On Tuesday, April 28, 2009, at a ceremony commemorating Massachusetts workers killed and injured on the job in 2008, Governor Deval Patrick announced a new executive order that could help prevent state employees from meeting a similar fate. The executive order calls for the establishment of safety committees in all state agencies to document workplace hazards and safety measures needed. Safety experts and unions have been calling for the state to establish safety protections for public employees for years, but prior to the Patrick administration they had been rebuffed.
"This Executive Order demonstrates the Governor's commitment to protecting the health and safety of state employees in a truly meaningful way," announced Suzanne M. Bump, Secretary of Labor and Workforce Development, Commonwealth of Massachusetts. "We look forward to working closely with our employees' representatives to improve the safety of our state workforce."

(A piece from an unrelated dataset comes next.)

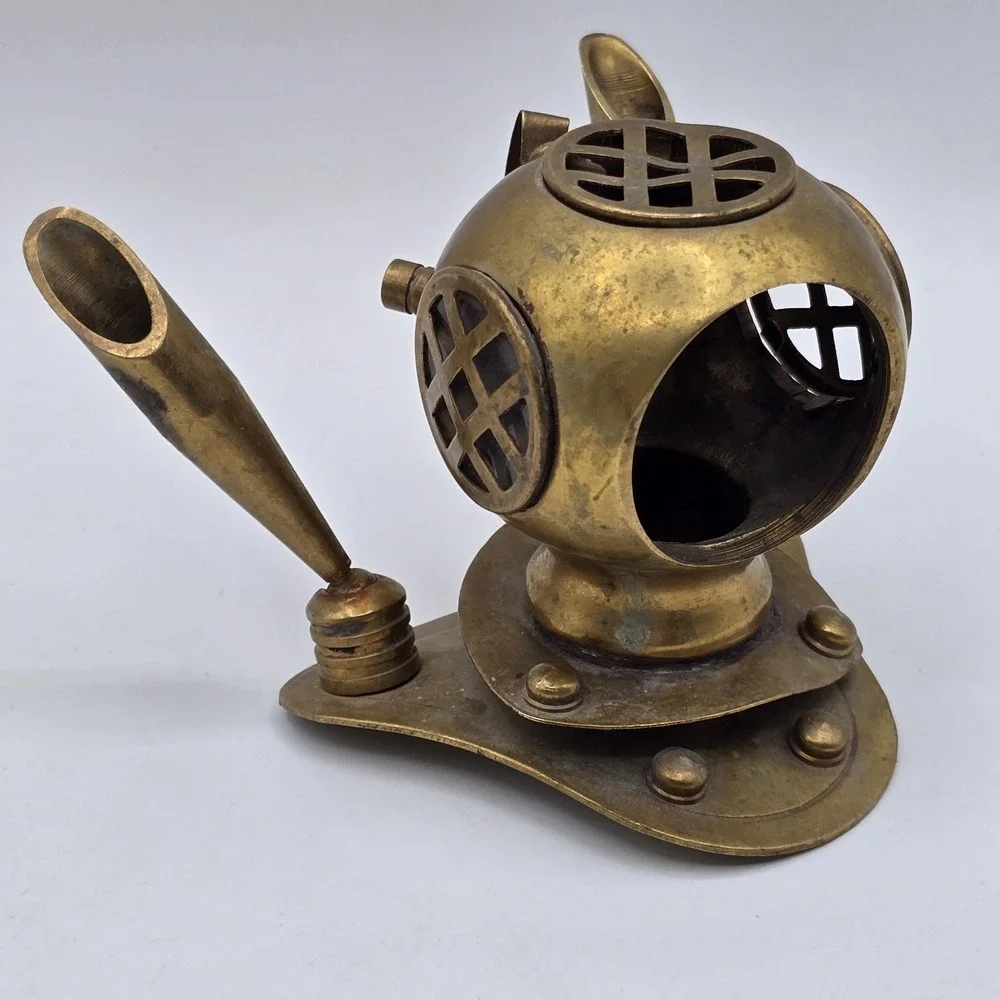 Vintage Brass Diving Helmet Pen Holder Nautical‎ Maritime Scuba Flat Head Screws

Unlike their counterparts in the private sector, public employees in the Commonwealth are not covered by safety requirements under the federal Occupational Safety and Health Act (OSHA). When OSHA was enacted in the 1970s, it gave states the option to extend safety protections to public employees. Though 27 states already apply these regulations to public employees, Massachusetts did not.
"State employees do jobs that are just as or more dangerous than those in the private sector," said Marcy Goldstein-Gelb, Executive Director of the Massachusetts Coalition for Occupational Safety and Health, "We applaud the Governor for taking this essential step toward instituting safety measures that will most certainly prevent more needless workplace injuries, illnesses and deaths."
State employees include highway workers exposed daily to lead dust, maintenance workers who work with heavy machinery, and electrical workers exposed to electrical hazards. In fact, the call from unions and safety activists for health and safety protections for public employees escalated after the death in 2004 of Roger LeBlanc, a Logan Airport electrician whose electrocution may have been prevented had OSHA safety measures been implemented.
Each year, Commonwealth residents spend more than $50 million in workers' compensation costs for injuries and illnesses incurred by state employees alone. According to data provided by New Hampshsire's Department of Labor, after implementing OSHA protections to state employees in 1998, the state of New Hampshire reduced their workers comp claims by an average of 51% - and between the years 2001 and 2004 they saved $3.3 million.
"Today, professional state employees can feel gratified to know that the hard work they do and risks they take for all of us who live in Massachusetts is held in the high regard it deserves," said Joe Durant, president of the Massachusetts Organization of State Engineers and Scientists (MOSES). "Ensuring the protection of every worker's health and safety should be a basic and fundamental right."